FASB Statement No. 114, Accounting by Creditors for Impairment of a Loan, states, “A loan is impaired when, based on current information and events, it is probable that a creditor will be unable to collect all amounts due according to the contractual terms of the loan agreement.” The Statement, however,does not specifically address how a creditor should recognize, measure, or display interest income on an impaired loan. Although Statement No. 114 does not specifically address how a financial institution should recognize, measure, or display interest income on an impaired loan, the Instructions for Preparation of Consolidated Reports of Condition and Income (call report instructions) published by the Federal Financial Institutions Examination Council indicate that impaired loans should normally be placed on nonaccrual status at the time they first become impaired and it is determined that full collection of principal and interest is not probable. Cash payments received on impaired loans that have been placed on nonaccrual status should be reported in accordance with the criteria for the cash basis recognition of income for nonaccrual loans.

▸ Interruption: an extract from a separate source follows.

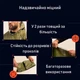 Водонепроницаемый термоплащ - дождевик для аварийных ситуаций Sanke Rescue аварийное спасательное пончо для кемпинга One Size, зеленый (102140876) - изображение 7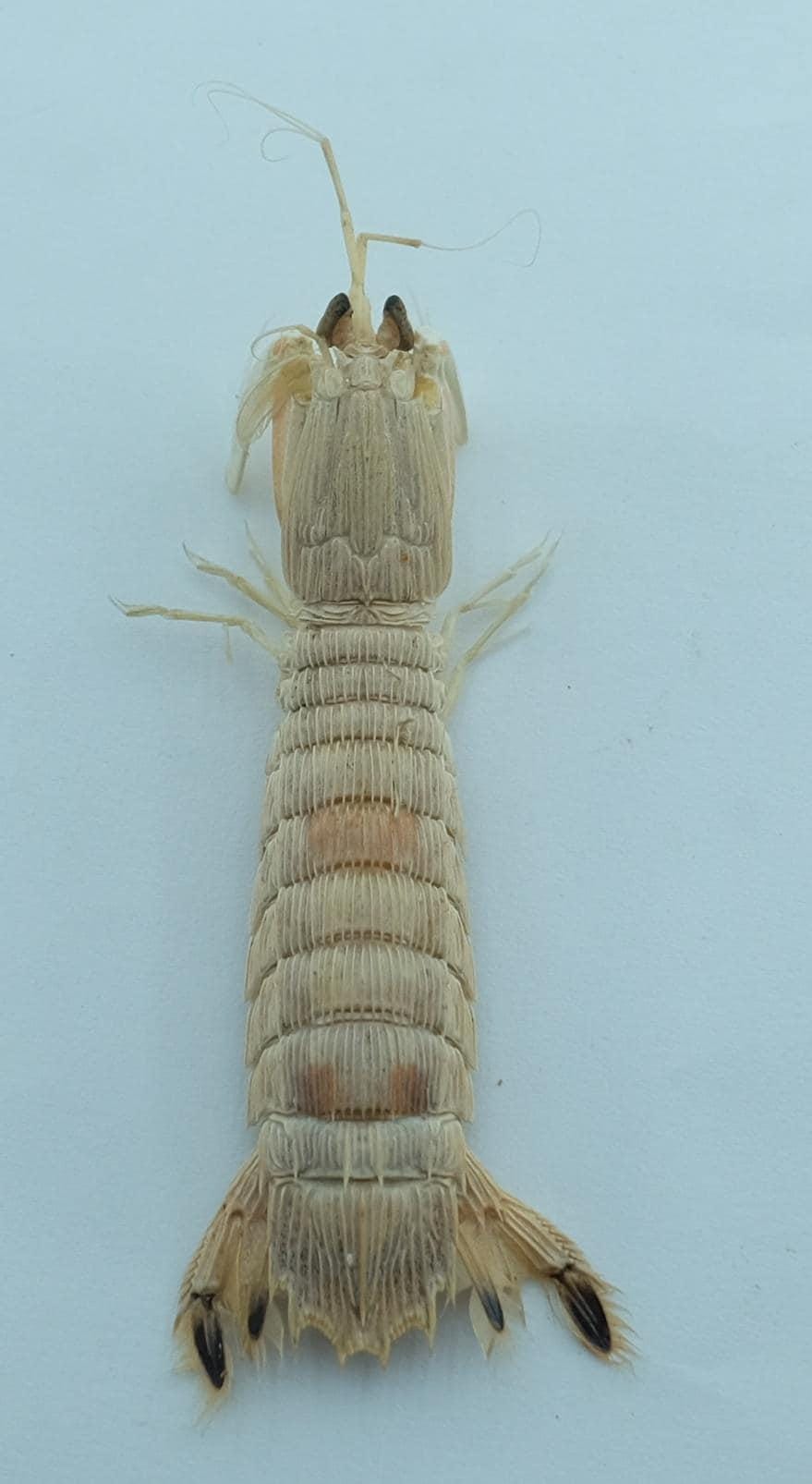 保存されたカニの標本 シャコ Oratosquilla oratoria 海洋剥製 珍品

Per the call report instructions, financial institutions should not accrue interest, amortize deferred net loan fees or costs, or accrete discount on any asset (a) which is maintained on a cash basis because of deterioration in the financial condition of the borrower, (b) for which payment in full of principal or interest is not expected, or (c) upon which principal or interest has been in default for a period of 90 days or more unless the asset is both well secured and in the process of collection.

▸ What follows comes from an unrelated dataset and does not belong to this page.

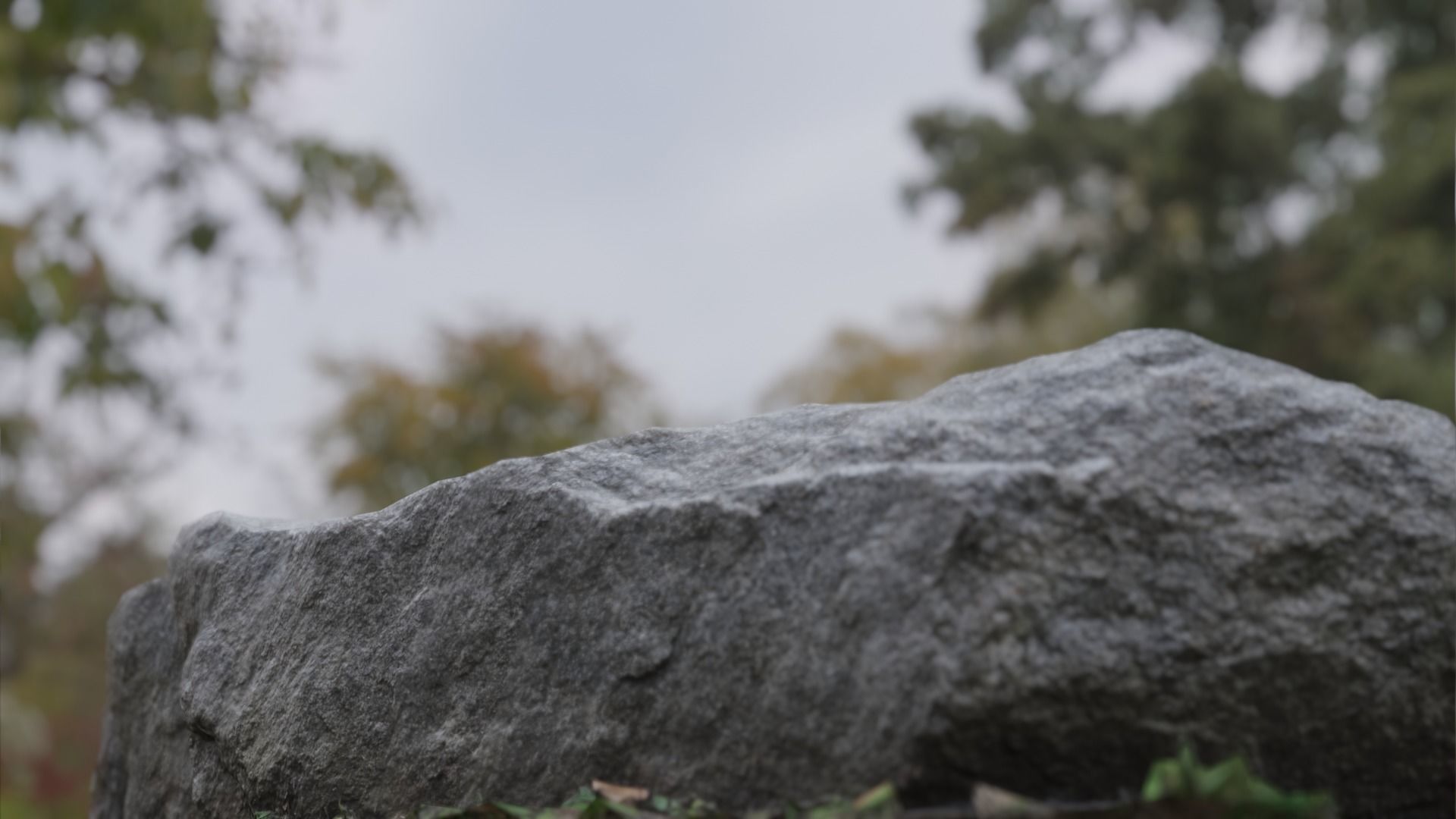 6 types of Rock in Moss Valley set 3D model_3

There are limited situations, which are exceptions to this general rule, under which an asset need not be placed in nonaccrual status. However, any state statute, regulation, or rule that imposes more stringent standards for nonaccrual of interest takes precedence over the call report instructions.
While an asset is in nonaccrual status, some or all of the cash interest payments received may be treated as interest income on a cash basis as long as the remaining recorded investment in the asset (i.e., after charge-off of identified losses, if any) is deemed to be fully collectible. When recognition of interest income on a cash basis is appropriate, it should be handled in accordance with generally accepted accounting principles. One acceptable accounting practice involves allocating contractual interest payments among interest income, reduction of the recorded investment in the asset, and recovery of prior charge-offs. If this method is used, the amount of income that is recognized would be equal to that which would have been accrued on the asset's remaining recorded investment at the contractual rate.
A financial institution may also choose to account for the contractual interest in its entirety either as income, reduction of the recorded investment in the asset, or recovery of prior charge-offs, depending on the condition of the asset, consistent with its accounting policies for other financial reporting purposes.